» **Task directions**: From the line containing "this 1025×769 image." to the last line of the records below, retype every line exactly and output nothing else.

» **Source material**:
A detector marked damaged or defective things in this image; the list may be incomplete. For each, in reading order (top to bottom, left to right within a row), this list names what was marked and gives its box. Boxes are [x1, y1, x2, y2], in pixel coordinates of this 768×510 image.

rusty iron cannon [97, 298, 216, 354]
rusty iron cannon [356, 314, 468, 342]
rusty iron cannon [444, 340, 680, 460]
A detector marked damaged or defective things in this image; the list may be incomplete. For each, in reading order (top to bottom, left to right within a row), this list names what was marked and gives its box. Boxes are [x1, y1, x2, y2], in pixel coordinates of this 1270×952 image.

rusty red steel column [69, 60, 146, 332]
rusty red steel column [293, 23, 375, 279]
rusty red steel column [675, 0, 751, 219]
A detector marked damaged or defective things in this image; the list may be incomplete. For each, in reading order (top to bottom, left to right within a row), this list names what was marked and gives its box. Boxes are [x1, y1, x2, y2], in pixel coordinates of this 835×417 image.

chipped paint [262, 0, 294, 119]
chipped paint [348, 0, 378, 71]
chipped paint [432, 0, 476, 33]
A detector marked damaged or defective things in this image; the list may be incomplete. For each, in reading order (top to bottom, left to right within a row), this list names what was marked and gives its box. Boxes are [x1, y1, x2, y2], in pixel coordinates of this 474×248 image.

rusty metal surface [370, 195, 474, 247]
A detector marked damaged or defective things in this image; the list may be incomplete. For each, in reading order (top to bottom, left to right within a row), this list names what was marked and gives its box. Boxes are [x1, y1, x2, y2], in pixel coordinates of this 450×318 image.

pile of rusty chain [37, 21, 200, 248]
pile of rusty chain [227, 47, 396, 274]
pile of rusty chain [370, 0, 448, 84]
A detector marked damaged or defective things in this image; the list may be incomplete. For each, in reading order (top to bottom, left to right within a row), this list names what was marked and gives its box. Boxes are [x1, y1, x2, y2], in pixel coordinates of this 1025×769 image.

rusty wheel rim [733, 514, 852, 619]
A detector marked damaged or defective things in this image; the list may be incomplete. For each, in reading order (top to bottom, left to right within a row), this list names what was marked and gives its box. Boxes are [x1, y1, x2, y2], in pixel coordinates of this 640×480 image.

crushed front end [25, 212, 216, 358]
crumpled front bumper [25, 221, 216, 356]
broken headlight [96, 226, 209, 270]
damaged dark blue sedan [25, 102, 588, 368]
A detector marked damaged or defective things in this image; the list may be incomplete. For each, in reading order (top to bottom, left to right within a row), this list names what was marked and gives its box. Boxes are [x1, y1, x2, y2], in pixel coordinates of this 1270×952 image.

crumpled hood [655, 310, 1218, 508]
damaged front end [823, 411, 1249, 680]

» **Completed task**:
A detector marked damaged or defective things in this image; the list may be incomplete. For each, in reading order (top to bottom, left to right within a row), this list names what was marked and gives its box. Boxes are [x1, y1, x2, y2], in pixel coordinates of this 1025×769 image.

rusty wheel rim [733, 514, 852, 619]
A detector marked damaged or defective things in this image; the list may be incomplete. For each, in reading order (top to bottom, left to right within a row), this list names what was marked and gives its box. Boxes are [x1, y1, x2, y2], in pixel coordinates of this 640×480 image.

crushed front end [25, 212, 216, 358]
crumpled front bumper [25, 221, 216, 356]
broken headlight [96, 226, 209, 270]
damaged dark blue sedan [25, 102, 588, 368]
A detector marked damaged or defective things in this image; the list may be incomplete. For each, in reading order (top to bottom, left to right within a row), this list names what was marked and gives its box. Boxes are [x1, y1, x2, y2], in pixel coordinates of this 1270×952 image.

crumpled hood [655, 310, 1218, 508]
damaged front end [823, 411, 1249, 680]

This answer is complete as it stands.